DATA FOR THIS EXERCISE.
---

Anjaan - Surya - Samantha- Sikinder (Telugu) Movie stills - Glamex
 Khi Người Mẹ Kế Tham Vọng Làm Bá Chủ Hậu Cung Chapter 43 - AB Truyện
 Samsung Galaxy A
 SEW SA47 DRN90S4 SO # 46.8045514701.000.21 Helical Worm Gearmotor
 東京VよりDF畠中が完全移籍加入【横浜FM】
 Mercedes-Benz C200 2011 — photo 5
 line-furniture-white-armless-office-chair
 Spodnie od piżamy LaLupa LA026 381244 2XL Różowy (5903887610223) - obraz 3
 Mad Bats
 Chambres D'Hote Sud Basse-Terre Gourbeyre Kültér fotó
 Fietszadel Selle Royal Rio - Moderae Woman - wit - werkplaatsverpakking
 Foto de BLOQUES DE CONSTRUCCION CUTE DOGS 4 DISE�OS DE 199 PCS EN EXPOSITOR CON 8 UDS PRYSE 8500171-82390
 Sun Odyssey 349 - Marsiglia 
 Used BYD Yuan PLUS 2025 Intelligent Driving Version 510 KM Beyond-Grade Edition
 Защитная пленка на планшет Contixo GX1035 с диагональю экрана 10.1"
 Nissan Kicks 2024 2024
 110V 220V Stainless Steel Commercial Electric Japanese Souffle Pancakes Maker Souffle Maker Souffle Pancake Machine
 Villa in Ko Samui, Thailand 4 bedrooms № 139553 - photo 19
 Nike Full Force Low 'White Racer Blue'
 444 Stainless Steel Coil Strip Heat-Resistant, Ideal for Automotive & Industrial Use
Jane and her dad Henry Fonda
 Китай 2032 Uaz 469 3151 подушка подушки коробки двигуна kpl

---

EXERCISE INSTRUCTIONS.
Restate exactly, and only, every line from the one that contains "Spodnie od piżamy" through the last line of the records.

RESULT OF THE EXERCISE.
 Spodnie od piżamy LaLupa LA026 381244 2XL Różowy (5903887610223) - obraz 3
 Mad Bats
 Chambres D'Hote Sud Basse-Terre Gourbeyre Kültér fotó
 Fietszadel Selle Royal Rio - Moderae Woman - wit - werkplaatsverpakking
 Foto de BLOQUES DE CONSTRUCCION CUTE DOGS 4 DISE�OS DE 199 PCS EN EXPOSITOR CON 8 UDS PRYSE 8500171-82390
 Sun Odyssey 349 - Marsiglia 
 Used BYD Yuan PLUS 2025 Intelligent Driving Version 510 KM Beyond-Grade Edition
 Защитная пленка на планшет Contixo GX1035 с диагональю экрана 10.1"
 Nissan Kicks 2024 2024
 110V 220V Stainless Steel Commercial Electric Japanese Souffle Pancakes Maker Souffle Maker Souffle Pancake Machine
 Villa in Ko Samui, Thailand 4 bedrooms № 139553 - photo 19
 Nike Full Force Low 'White Racer Blue'
 444 Stainless Steel Coil Strip Heat-Resistant, Ideal for Automotive & Industrial Use
Jane and her dad Henry Fonda
 Китай 2032 Uaz 469 3151 подушка подушки коробки двигуна kpl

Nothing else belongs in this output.